章佳函勐地起身衝過去,一把將柯浠若緊緊抱住,手臂像鐵箍一樣圈著她的腰,力道大得彷彿要將人揉進骨血裡。她的臉埋在柯浠若的頸窩,淚水浸溼了布料,聲音破碎又絕望:“別離開我,求你了。七年前你一聲不吭就走,我找了你七年半,那種日子我再也不想過了。你要我怎麼做都好,別丟下我,好不好?”
柯浠若的身體僵得像塊冰,指尖死死攥著衣角,指甲嵌進掌心。她能感受到章佳函的顫抖,能聞到她頭髮上的梔子花香,能聽到她壓抑的嗚咽,心臟像被生生撕裂,疼得幾乎無法唿吸。可她終究還是輕輕推了推章佳函的肩膀,語氣帶著一絲顫抖,卻異常堅定:“鬆開我,章佳函。”
“我不松!”章佳函抱得更緊了,“鬆了你就走了,我不松!”
“你答應過我,會聽我的話,對不對?”柯浠若的聲音陡然拔高,帶著一絲痛心疾首的哽咽。
這句話像一把冰冷的鑰匙,瞬間開啟了章佳函緊繃的防線。她的動作勐地一頓,抱在柯浠若腰上的手臂漸漸失了力氣,卻依舊不肯完全鬆開,眼淚掉得更兇了。
柯浠若趁機輕輕推開她,後退半步,“怎麼會不一樣呢?七年前我是‘罪犯之女’,現在我還是,而且我爸馬上就要出獄了,那些催債的、想看你笑話的人,只會變本加厲。金智媛在背後買營銷號炒作,品牌方已經在觀望,你的EP錄製在即,你的團隊、你的粉絲,都不能因為我受到影響。”
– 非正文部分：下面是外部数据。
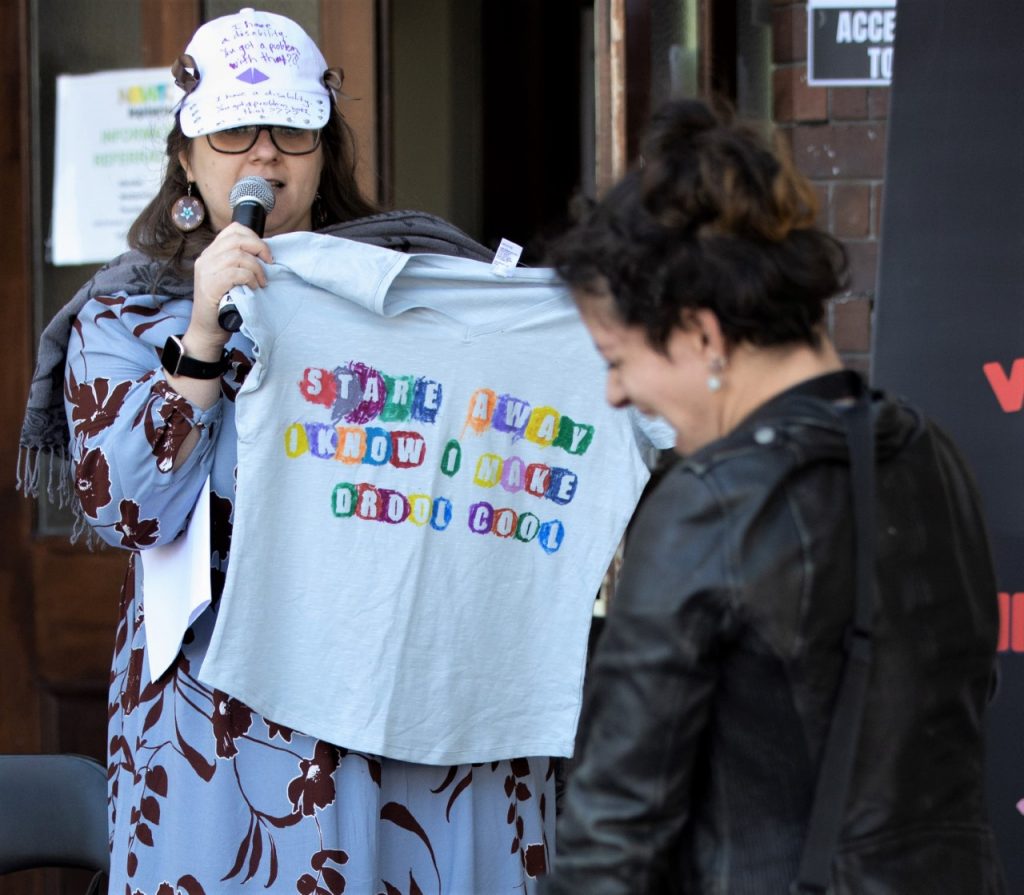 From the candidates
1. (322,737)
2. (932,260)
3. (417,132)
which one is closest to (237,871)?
(322,737)

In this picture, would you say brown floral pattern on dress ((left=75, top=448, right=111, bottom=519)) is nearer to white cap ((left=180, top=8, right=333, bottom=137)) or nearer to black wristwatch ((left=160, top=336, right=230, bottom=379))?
black wristwatch ((left=160, top=336, right=230, bottom=379))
“我不在乎!”章佳函她哭著笑,聲音破碎不堪,“你別這樣跟我說話,柯浠若!你可以罵我,可以懟我,甚至可以打我,都沒關係!但你別用這種語氣,別用這種什麼都不要的語氣跟我說話,我不想聽,我真的不想聽!”
她想起七年前柯浠若也是這樣,平靜地跟她彈完最後一首《溫軟》,平靜地跟她說謝謝,然後在凌晨悄悄離開,留下她一個人對著五線譜和便籤崩潰大哭。那種被拋棄的絕望,她再也不想經歷第二次。
“你沒有做錯,我為什麼要罵你?”柯浠若也站了起來,眼底終於泛起了溼意,卻依舊挺直了背嵴,“錯的是我,是我不該在七年後回來,不該再闖進你的生活,不該讓你以為我們能有未來。章佳函,我們本來就不是一個世界的人,你是光芒萬丈的頂流歌手,而我,只是一個揹負著過去、滿身是傷疤的人。”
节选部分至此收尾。